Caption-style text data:
_ _ _

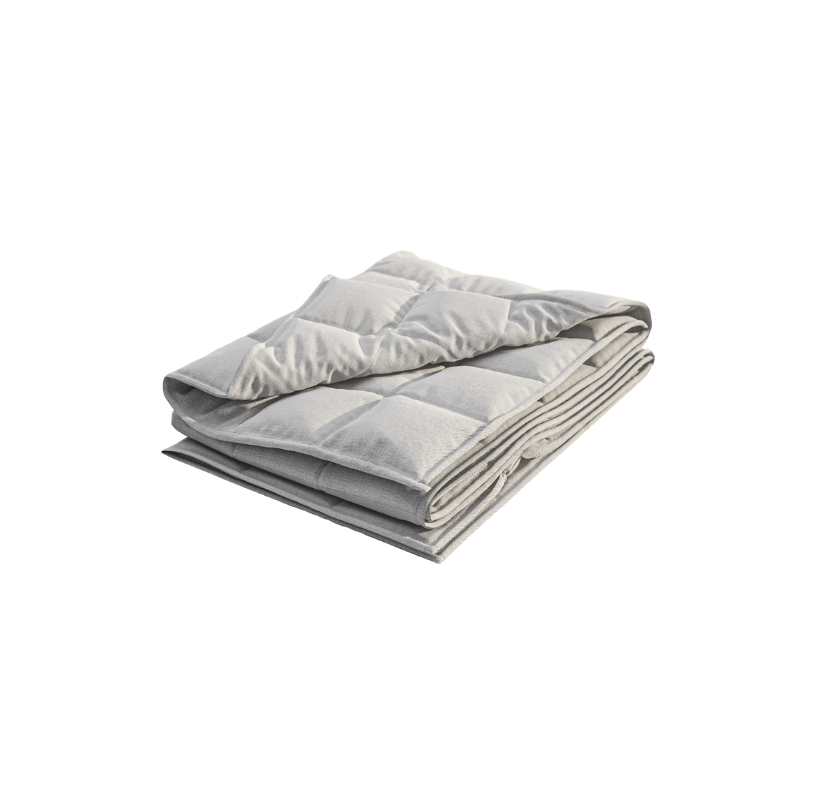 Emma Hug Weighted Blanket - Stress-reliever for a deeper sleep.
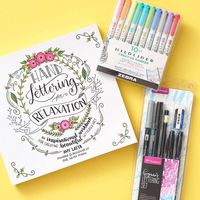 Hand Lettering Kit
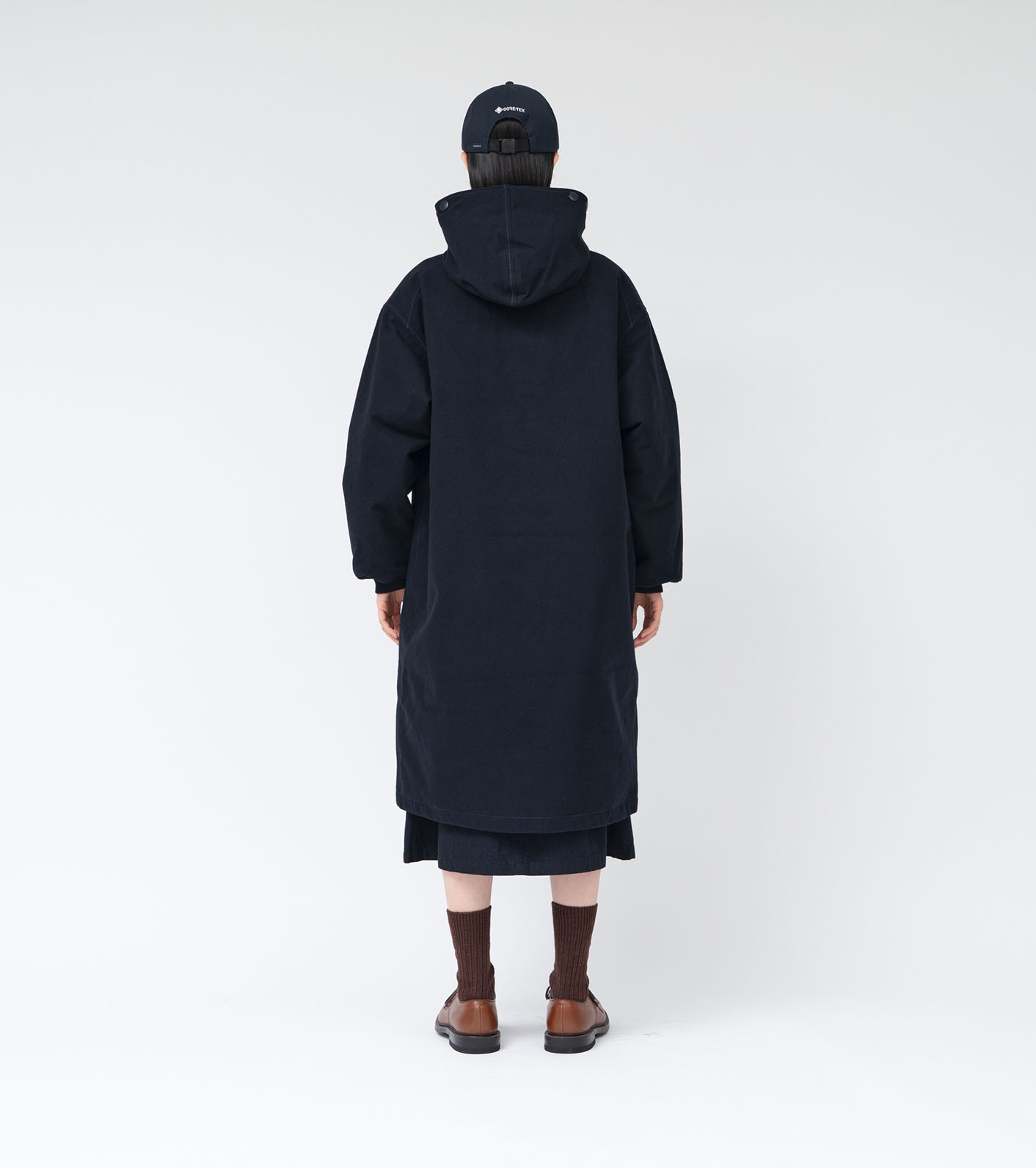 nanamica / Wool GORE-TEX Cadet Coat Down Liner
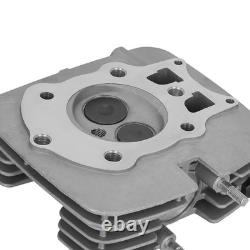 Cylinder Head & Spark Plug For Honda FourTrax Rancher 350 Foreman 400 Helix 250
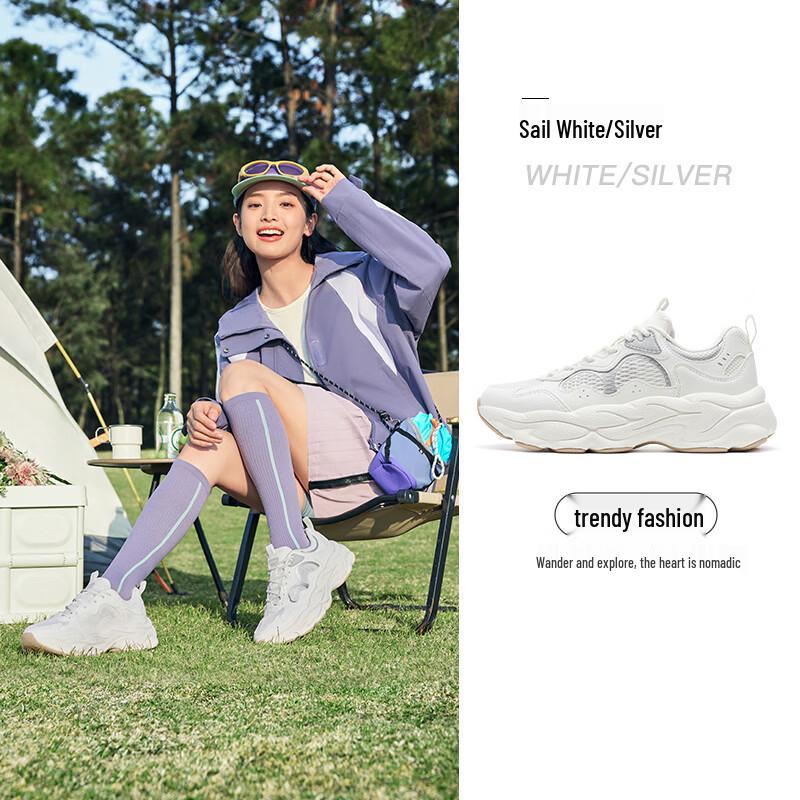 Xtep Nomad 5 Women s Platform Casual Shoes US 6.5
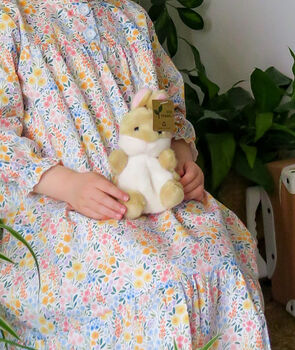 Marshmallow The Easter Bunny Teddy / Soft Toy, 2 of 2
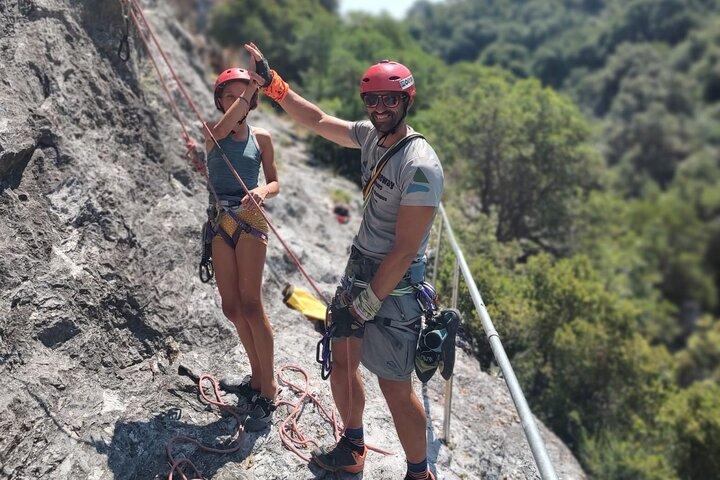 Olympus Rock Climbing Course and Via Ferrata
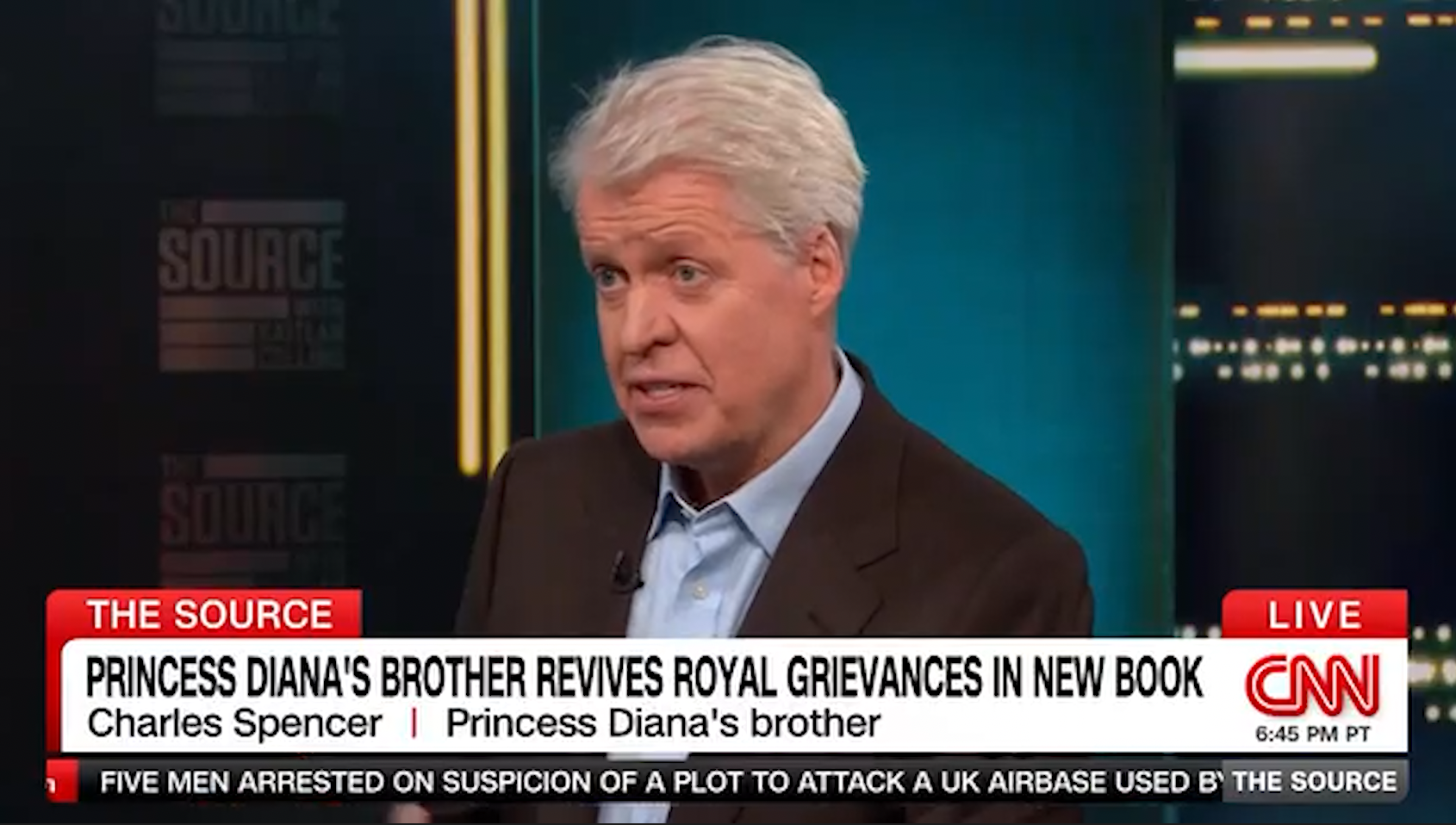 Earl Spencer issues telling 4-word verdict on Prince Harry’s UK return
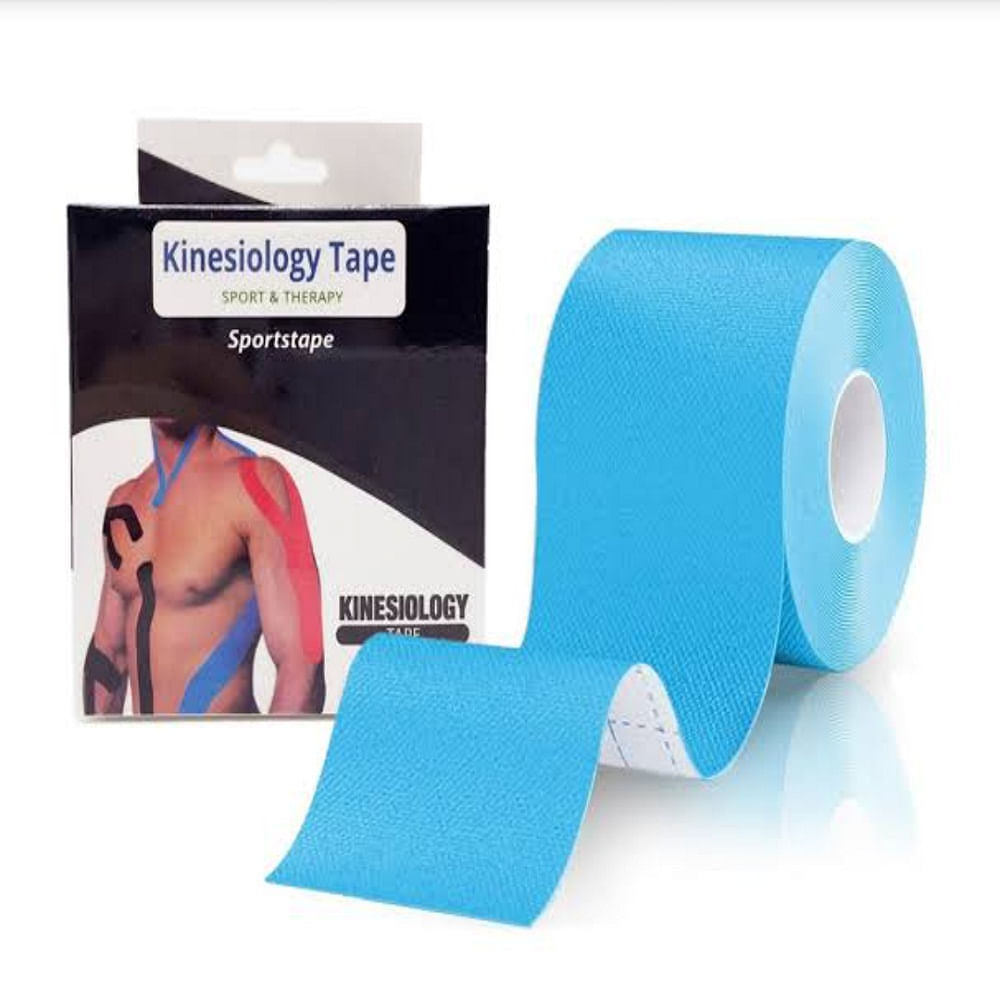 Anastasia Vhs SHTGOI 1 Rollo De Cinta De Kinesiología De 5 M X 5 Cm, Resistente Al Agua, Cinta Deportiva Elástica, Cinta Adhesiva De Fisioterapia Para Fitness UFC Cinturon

_ _ _

*WHAT TO WORK ON:* Copy the lines from the line that contains "Cylinder Head &" through the end of the records, exactly and with nothing added; leave the pictures out.

*RESPONSE TO THE EXERCISE:*
 Cylinder Head & Spark Plug For Honda FourTrax Rancher 350 Foreman 400 Helix 250
 Xtep Nomad 5 Women s Platform Casual Shoes US 6.5
 Marshmallow The Easter Bunny Teddy / Soft Toy, 2 of 2
 Olympus Rock Climbing Course and Via Ferrata
 Earl Spencer issues telling 4-word verdict on Prince Harry’s UK return
 Anastasia Vhs SHTGOI 1 Rollo De Cinta De Kinesiología De 5 M X 5 Cm, Resistente Al Agua, Cinta Deportiva Elástica, Cinta Adhesiva De Fisioterapia Para Fitness UFC Cinturon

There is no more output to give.